One of the measures to discourage the use of private cars it to restrict street parking.
“We want to make Kigali a public transport oriented city. Prioritising a modern public transport system is the best way to tackle congestion,” said Kigali City engineer Alphonse Nkurunziza.
“We want to make it possible for residents to leave their vehicles at home and cycle, walk or take a bus,” said Mr Nkurunziza, while responding to complaints by landlords in various parts of the city over a reduction in pavement space after city roads were widened.
City officials plan to dedicate parts of the newly expanded roads to public transport by mid-2018.
“Part of these roads will be dedicated bus lanes and our technical team is working on whether to make the selected routes dedicated lanes for a whole day or only during peak hours,” said Bruno Rangira, the communications director for Kigali City.
In the long term, the city is looking at creating five corridors of about 92 kilometres, which will be fully dedicated to bus transport by 2026. However, according to Mr Rangira the cost of this project is still being evaluated.
The current measures form part of a public transport policy adopted by city authorities in 2013. The policy seeks to restructure public transport.
Landlords and property developers fault authorities for banning roadside parking without providing alternative space for parking lots.
Areas affected are Remera- Kimironko, Nyabugogo–Muhima and Kicukiro-Rwandex upto the the central business district.
“The move is aimed at curbing congestion and creating a modern city where people rely less on private means of transport,” said Mr Nkurunziza.
He said banning roadside parking would encourage the use of buses, as well as lead to private investments in parking lots across the city for those using private transport.
“Buildings should provide parking within their premises or buy land where they can build commercial parking bays,” he said.
However, property developers say land for parking spaces was not adequately provided for in the master plan.
“The city of Kigali master plan provides for very few parking lots. Therefore, city officials need to factor parking projects,” said Charles Haba, the managing director of Century Real Estate and chairman of the Real Estate Association of Rwanda.
Building owners say the parking ratios provided by the city are way below what is required, thus complexes have parking lots with limited capacity.
Even new buildings such as Kigali Heights, which had planned to have 400 parking slots only has 300.
According to experts, the ideal is to have one parking slot for every 45 square metres.
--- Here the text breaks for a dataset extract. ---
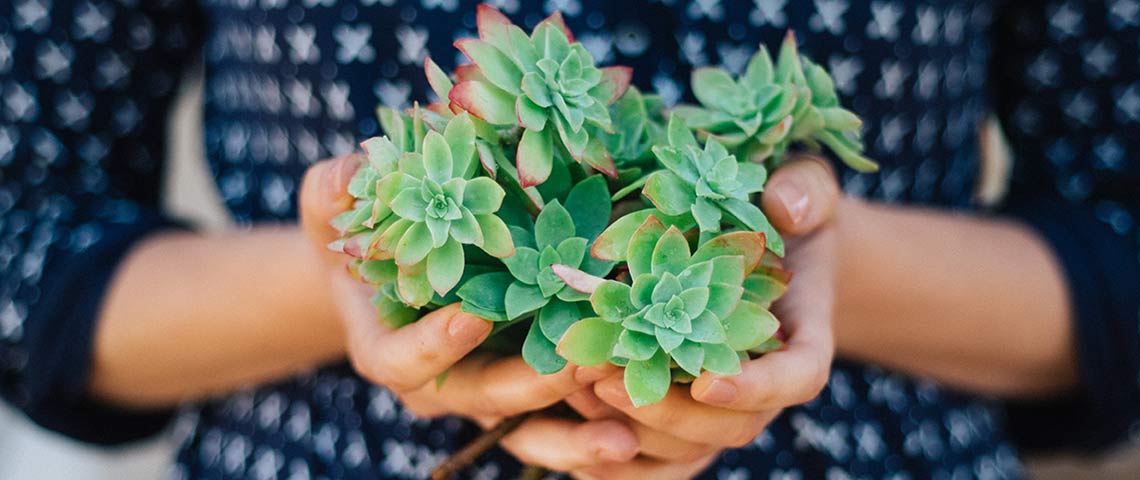 plants-needing-soil-h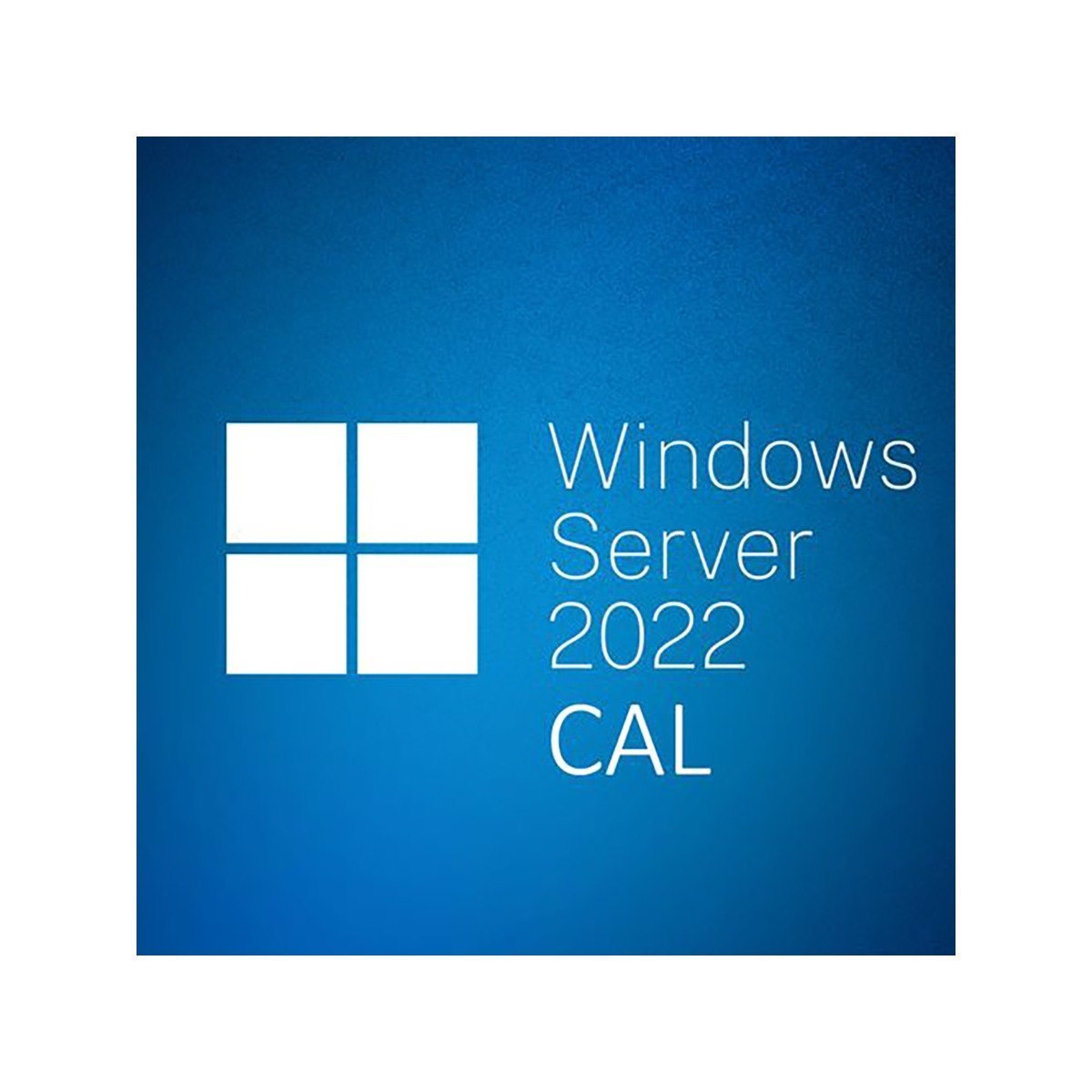 Microsoft Windows Server 2022 - License - 5 User CAL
But, an average commercial building in Kigali has one parking slot for every 100 square metres.
For example, the Career Centre complex in Kimihurura has 120 parking slots – which translates to one parking for every 95 square metres.
Mr Haba said the move by the city is a deliberate move to protect the environment while also creating business opportunities.
“Parking is going to be big business in this town and the city has opened up many opportunities for investors in, but they must provide for it in the master plan,” he said.
The Kigali master plan was developed in 2013 and is expected to run until 2040.